Writing code in an editor without line numbers is like fries without salt. It's not that I'm using line numbers that often, but it just doesn't look right.

Enabling them in VIM can be done in the .vimrc by adding the following line.

" ~/.vimrc

set number " Enable line numbers

Or you can run it as an command like :set number to enable it in your current vim session. Changing the setting like this just won't persist. So when you close and open vim again the line numbers are gone again.

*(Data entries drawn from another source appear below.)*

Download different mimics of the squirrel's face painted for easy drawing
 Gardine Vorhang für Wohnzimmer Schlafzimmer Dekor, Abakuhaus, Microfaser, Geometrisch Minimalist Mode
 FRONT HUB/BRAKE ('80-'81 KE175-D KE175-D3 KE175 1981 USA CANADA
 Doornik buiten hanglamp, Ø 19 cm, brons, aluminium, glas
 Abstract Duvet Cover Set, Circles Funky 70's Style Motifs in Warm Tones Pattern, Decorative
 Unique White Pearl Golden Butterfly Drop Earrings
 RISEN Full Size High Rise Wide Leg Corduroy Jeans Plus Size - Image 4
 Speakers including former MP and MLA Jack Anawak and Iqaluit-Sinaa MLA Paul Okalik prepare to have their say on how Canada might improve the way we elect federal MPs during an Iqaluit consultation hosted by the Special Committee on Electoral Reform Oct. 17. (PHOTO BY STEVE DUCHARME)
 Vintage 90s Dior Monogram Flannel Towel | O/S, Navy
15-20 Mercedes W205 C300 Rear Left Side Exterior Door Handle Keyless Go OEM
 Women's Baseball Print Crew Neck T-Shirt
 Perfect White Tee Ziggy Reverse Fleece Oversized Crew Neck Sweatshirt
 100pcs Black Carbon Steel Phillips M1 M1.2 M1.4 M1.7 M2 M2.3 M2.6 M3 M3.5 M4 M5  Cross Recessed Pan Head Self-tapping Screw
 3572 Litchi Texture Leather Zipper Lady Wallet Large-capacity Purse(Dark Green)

Either way, the result this has is the following. Line numbers are shown in our .vimrc file and any other file we open.

  1 " ~/.vimrc
  2
  3 set number " Enable line numbers

Since VIM version 7.3, and in Neovim too, we can show relative line numbers. Which helps for commands that strike multiple lines. We can enable this by adding set relativenumber to our .vimrc. As with regular line number this works as a command too.

  1 " ~/.vimrc
  2
  3 set number          " Enable line numbers
  4 set relativenumber  " Enable relative line numbers

Now that we added the setting for relative line numbers, our line numbers as shown as below. For the current line we are at we see the actual line number, for other lines we see the distance from our current line.

  2 " ~/.vimrc
  1
3   set number          " Enable line numbers
  1 set relativenumber  " Enable relative line numbers

Pay attention to the set number setting as well, without it only the relative numbers are shown. So the current line would otherwise be numbered 0.

Jeff Kreeftmeijer wrote more extensively about line numbers in vim and open-sourced a sweet vim plugin for automatically switching between absolute and relative line numbers.